Permit me to indulge in a bit of timely nostalgia: Two years ago to this very day, on a chilly (but not bitter) winter night, fifteen New Yorkers of all stripes crowded into a
tiny bar in lower Manhattan for the very,
very first Dean meetup ever. Perhaps a couple of hundred other Americans were doing the same thing in different spots around the country.
We were from Brooklyn, Queens and Manhattan; we were young and not so young; we were black, white and Asian; we were gay, we were straight - in other words, we were a quintessentially New York crowd. And above all, we were excited about this guy named Howard Dean, who was running for president and saying the kind of things we had all been longing to hear.

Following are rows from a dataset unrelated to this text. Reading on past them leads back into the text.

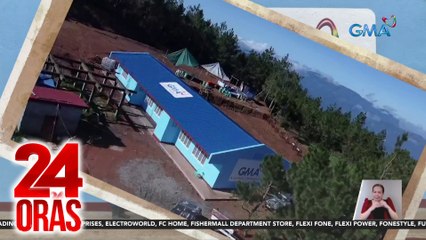 Ipinatayong 3 Kapuso classroom ng GMAKF sa Benguet, may hand at foot washing facility | 24 Oras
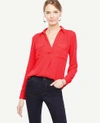 Ann Taylor Petite Camp Shirt In Topanga Sunset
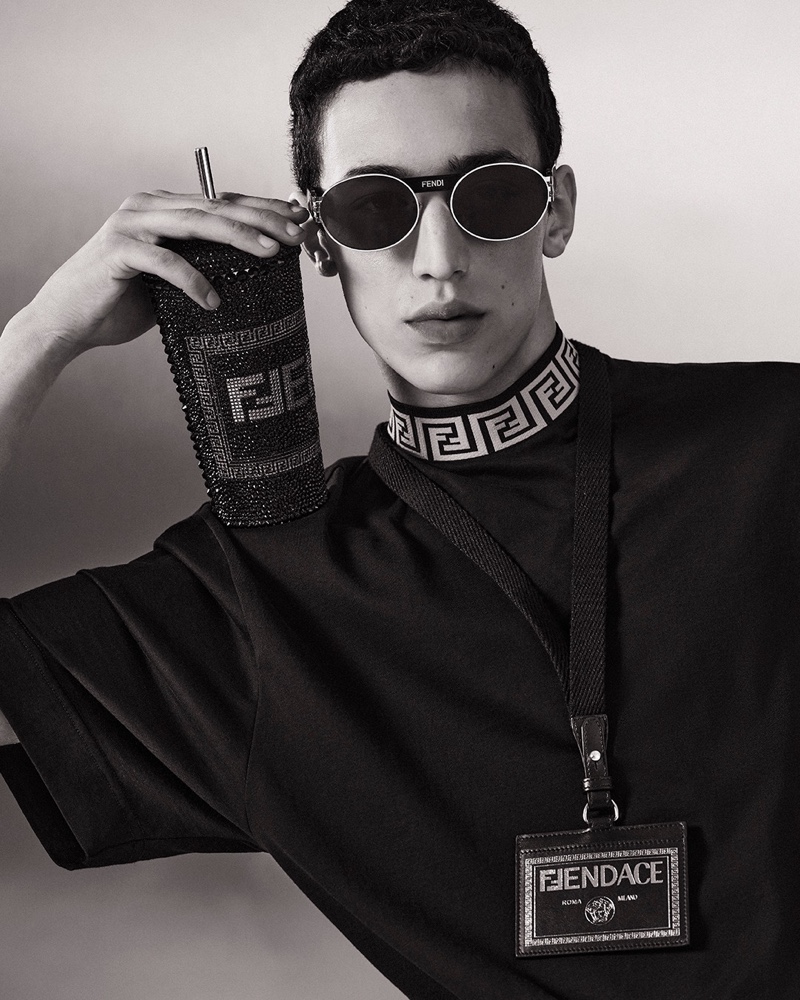 Fendace Versace by Fendi Campaign Men Pre-fall 2022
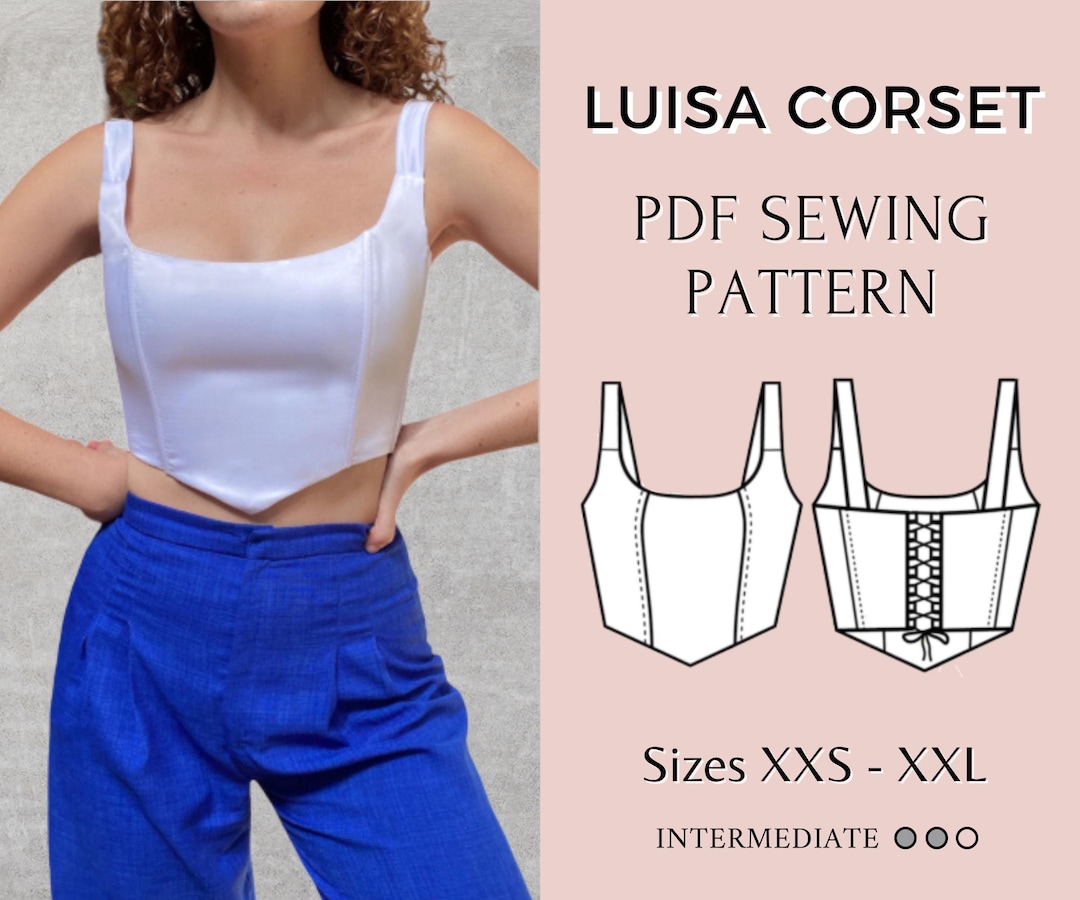Corset Pattern / Bustier Sewing Pattern / Women Sewing Pattern / Pdf ...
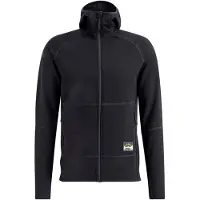 Lundhags Tived Merino Hoodie, välikerros, miehet, musta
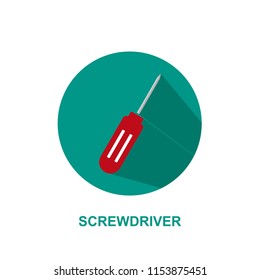 Screwdriver icon illustration isolated vector sign symbo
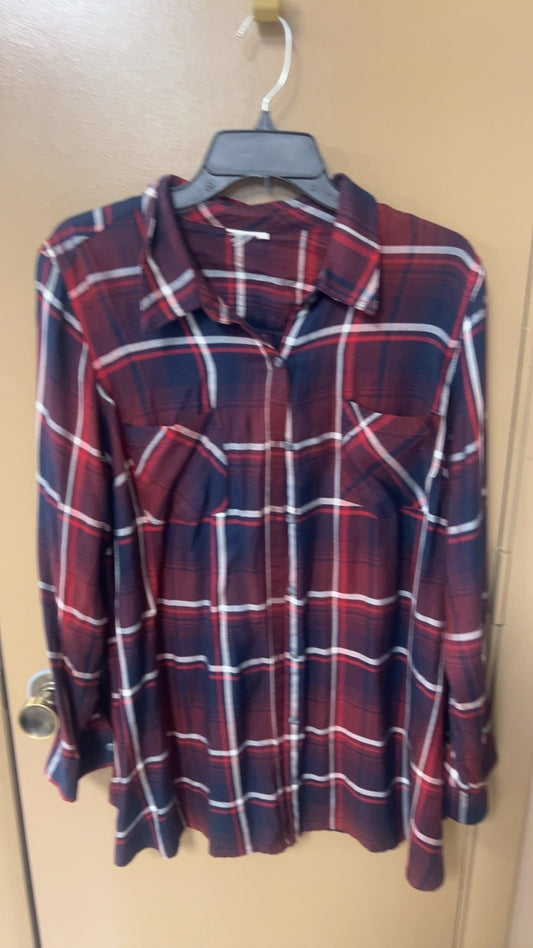 Shirt L/XL Red and navy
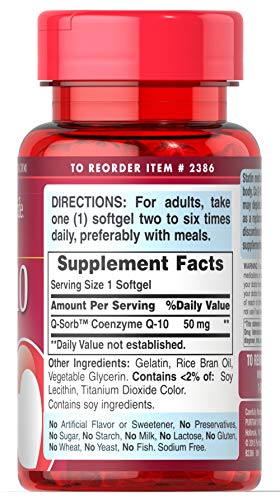 Puritan's Pride Q-Sorb Co Q-10 50mg 100 cps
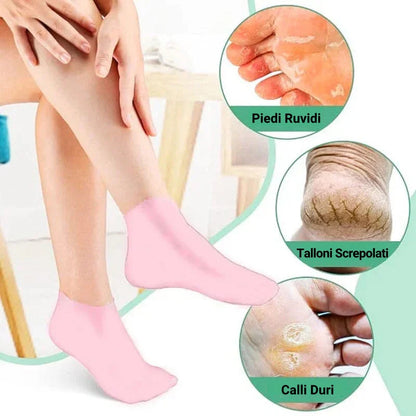 Calze in silicone per il trattamento dei piedi per donne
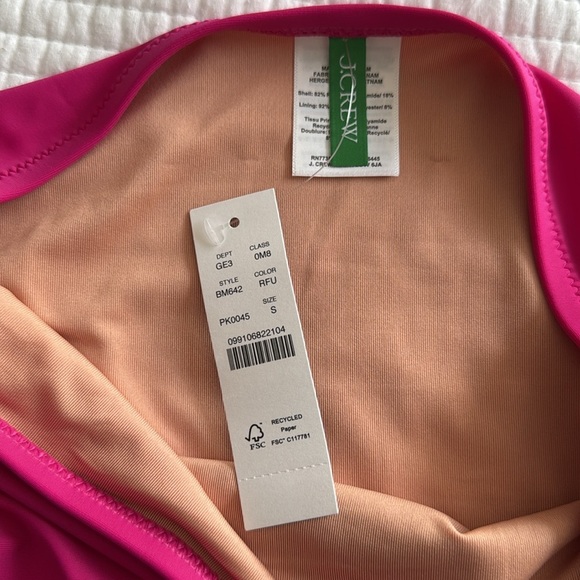J. Crew Hallie Bikini Bottom in Radiant Fuchsia - Picture 4 of 5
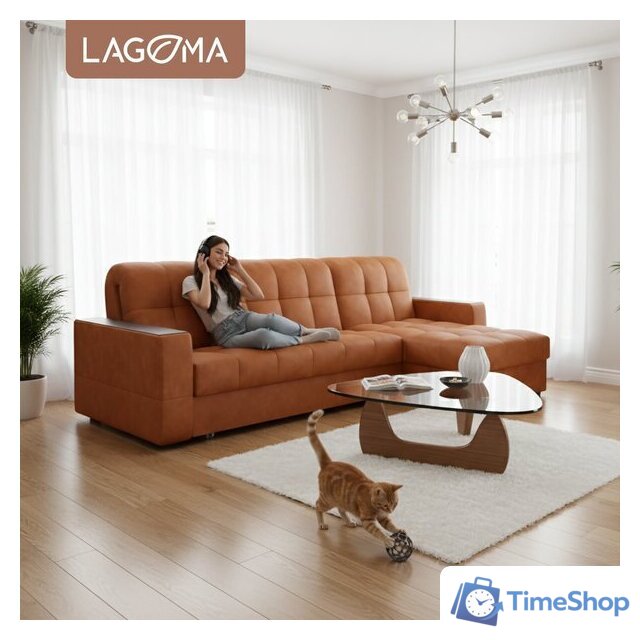 Угловой диван Lagoma Кайо правый (Tango Terra) - Изображение №5 — Интернет-магазин Time-Shop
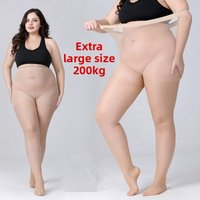 3 PCS Tights Sexy Women Stockings Pantyhose 300 Pounds Plus Size Gothic Black Extra-large Anti-snagging Lengthened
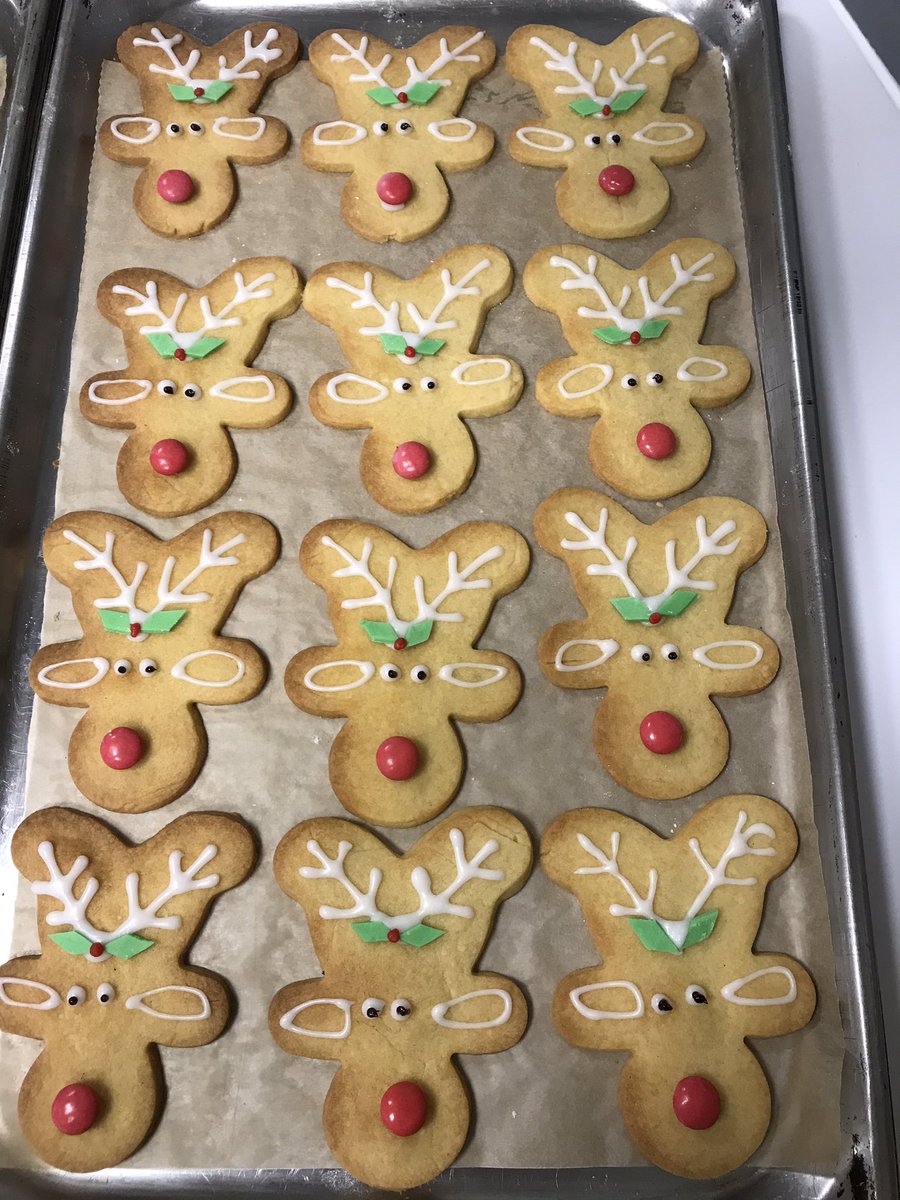 Bake a batch and let it cool down to room temperature. Upside Down Reindeer - Churcher S College Catering On Twitter Reindeer Shortbread Biscuits For The Infants After Their Nativity Or Are They Upside Down Gingerbread Men Churchersjunior Churchers1722 Nativity Https T Co Mmoriebhnm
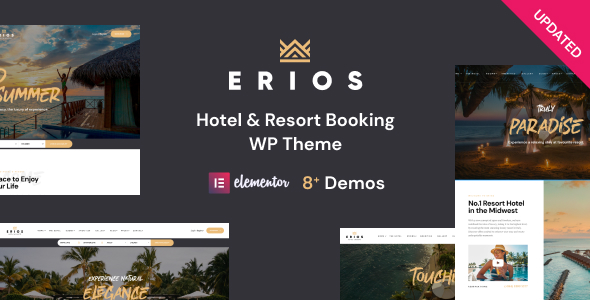 Erios best hotel booking wordpress themes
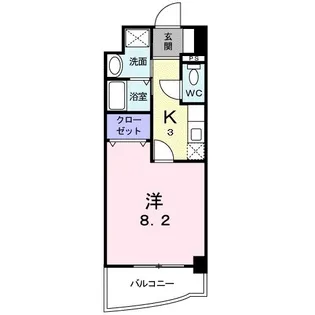 ブリアン オーブ【303号室】の間取り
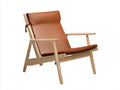 Poltrona reclinabile 72×84×89 cm - marrone chiaro - rivestita con struttura in legno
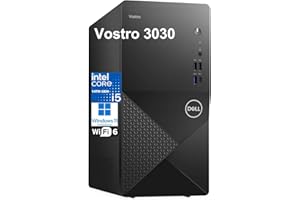 Dell Desktop Computer for Home & Business - 3030 Tower Desktop PC, Intel Core i5-14400 (Beat i7-13620H), 16GB DDR5 RAM, 512GB PCIe SSD, WiFi 6, Bluetooth, DisplayPort, HDMI, Type-C, Windows 11 Pro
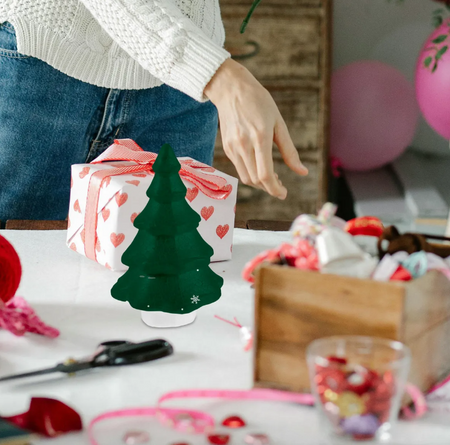 CHOINKA STYROPIANOWA 17 CM DIY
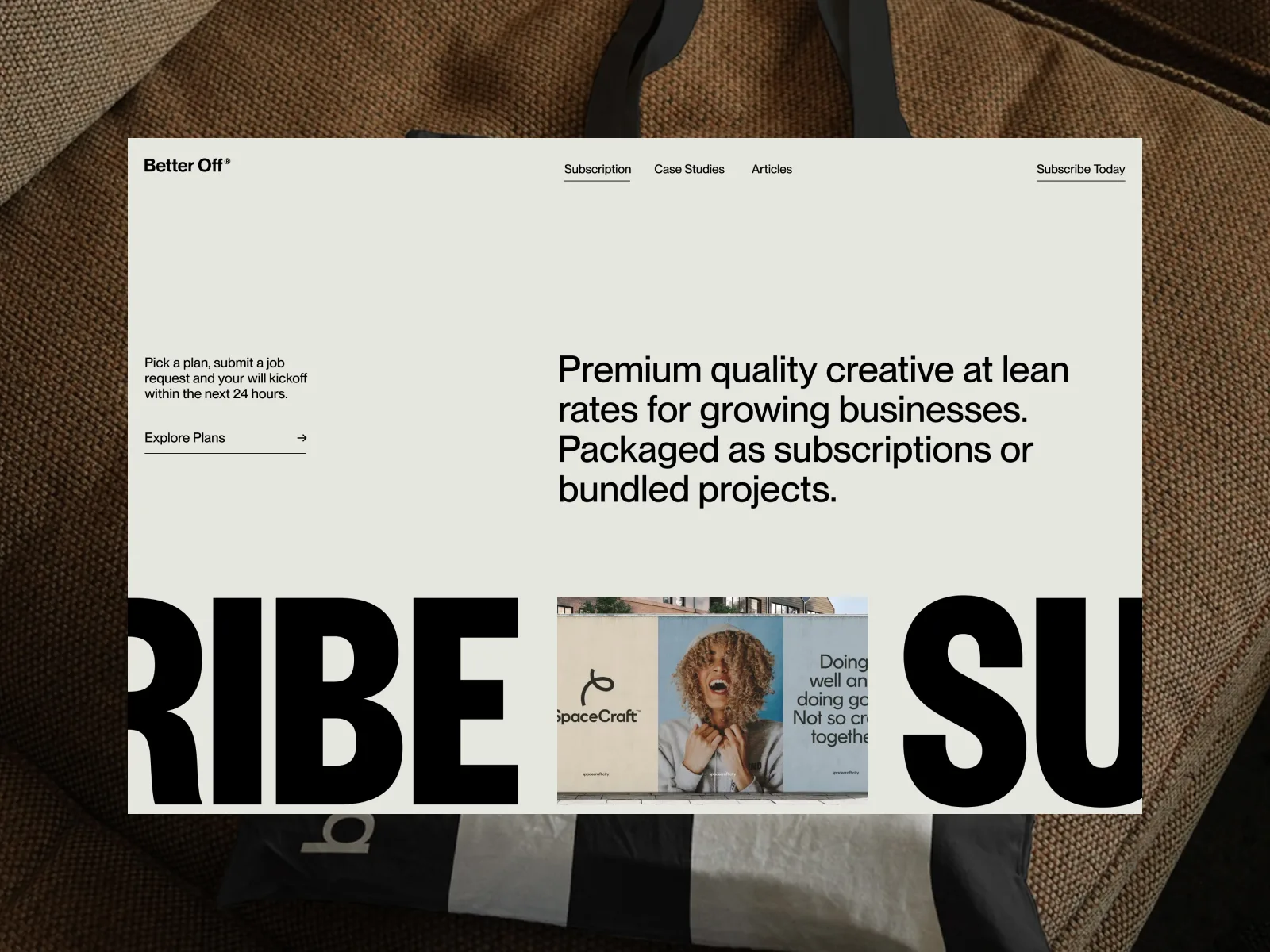 Contemporary website with gradients, bold typography, and modern design trends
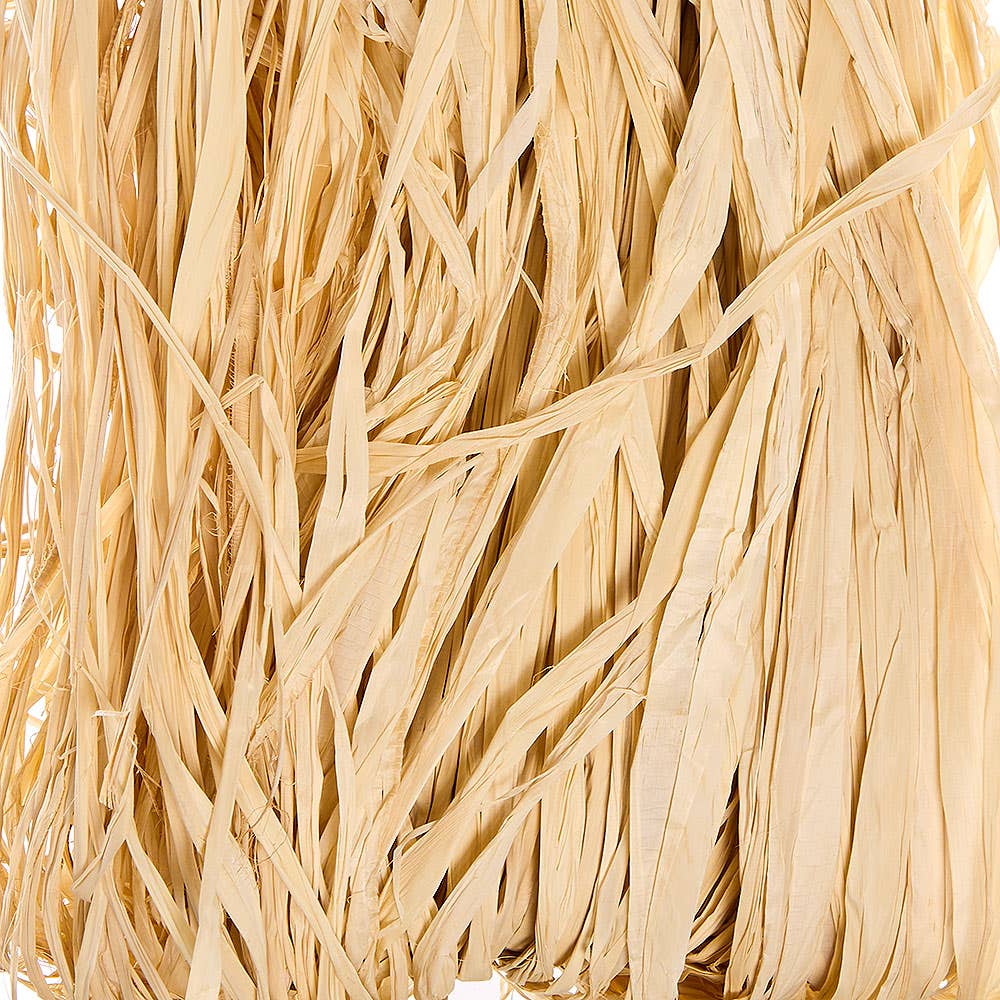 Natural Raffia (Pack of 50g) Natural Craft Materials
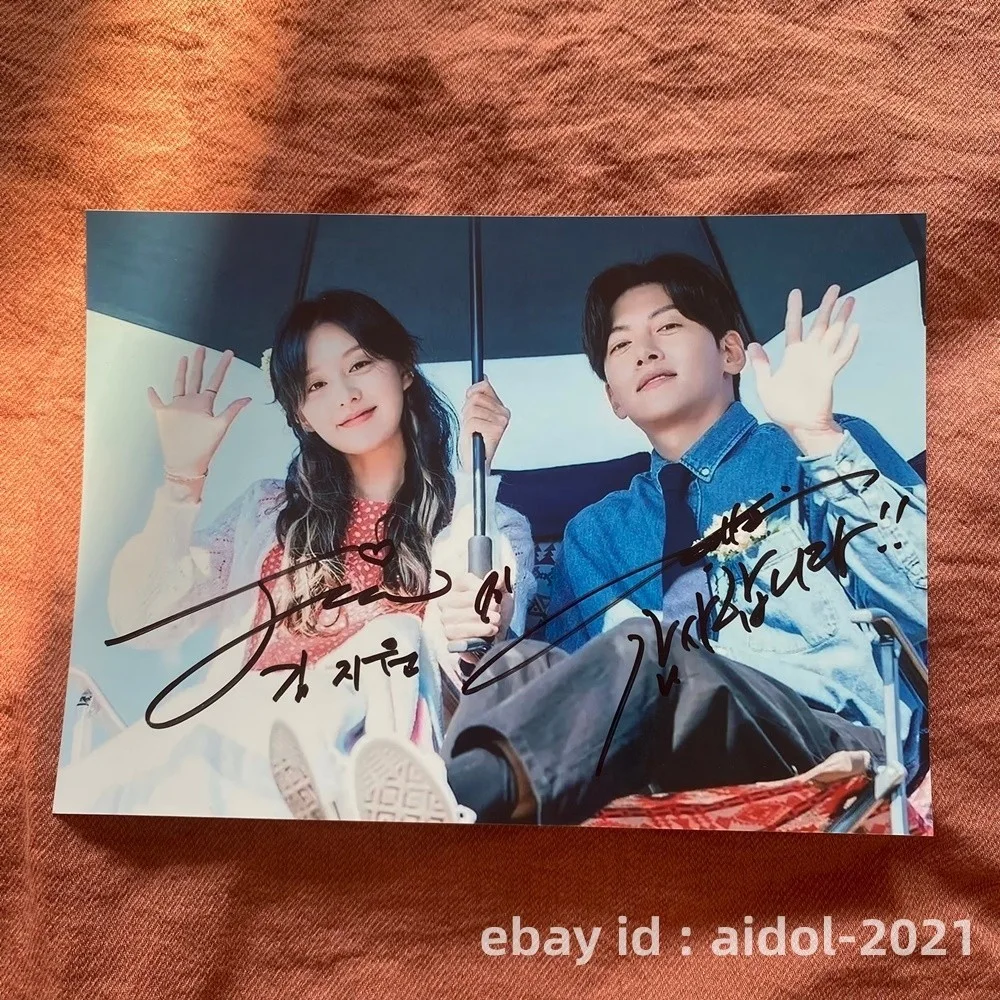 Lovestruck in the City Ji Chang Wook Kim Ji Won Autographed Photo K-Drama 5*7, изображение 3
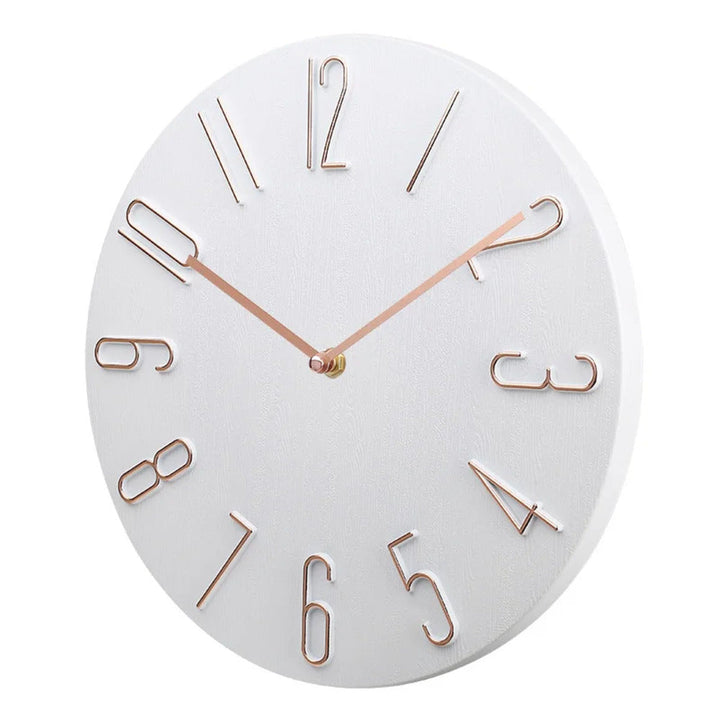 Minimalistisk Stille Veggklokke for Moderne Hjem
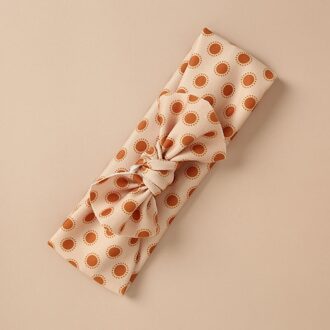 Zomer Dot Gedrukt Baby Hoofdband Zachte Bows Meisjes Elastische Haarband Hoofdbanden Voor Meisjes Kids Baby Haar Accessoires stijl 05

Our enthusiasm, though, was tempered a bit by our uncertainty. No one had heard a peep from the campaign (which had only posted a link to Meetup.com on its website a few days earlier - quite some time after Jerome Armstrong first started promoting it at MyDD). Meetup (the company) had also never done political gatherings before, so they were not in a position to offer much guidance, either.
What struck me most - what surprised me most - was that I alone among this group had previously worked on a political campaign. Fourteen other people who had never been directly involved in politics before were showing up to help a guy who was at 1% in the polls. It was really quite remarkable, and it pointed to one of the Dean campaign's greatest strengths and most lasting legacies: Howard Dean helped bring legions of new people into the political process. And it started on Day One.
Looking back, on that night New York for Dean was born, I see that a number of ideas that we came up with on our own were later implemented on a broad scale: Yahoo groups, individual group websites, DVD handouts. And if you take a look at this report I filed with the original Dean Nation blog the next day, you'll see that the guys out in Portland, Oregon were thinking the same things. It's as though the nascent netroots already had an intuitive sense about what direction things should take.
On that night, I admit I never imagined Howard Dean had a real shot - I never imagined he would get even a fraction as far as he did. But he did, and we all know the role we in the netroots played in getting him there. As Dean comes full circle and gets ready to assume the chairmanship of the Democratic National Committee, I'll never forget that he was truly People-Powered Howard from the very start - and I am sure he will not, either. The spirit that was kindled at those very first meetups lives on and now will only grow stronger.
I can't wait to see what the future holds.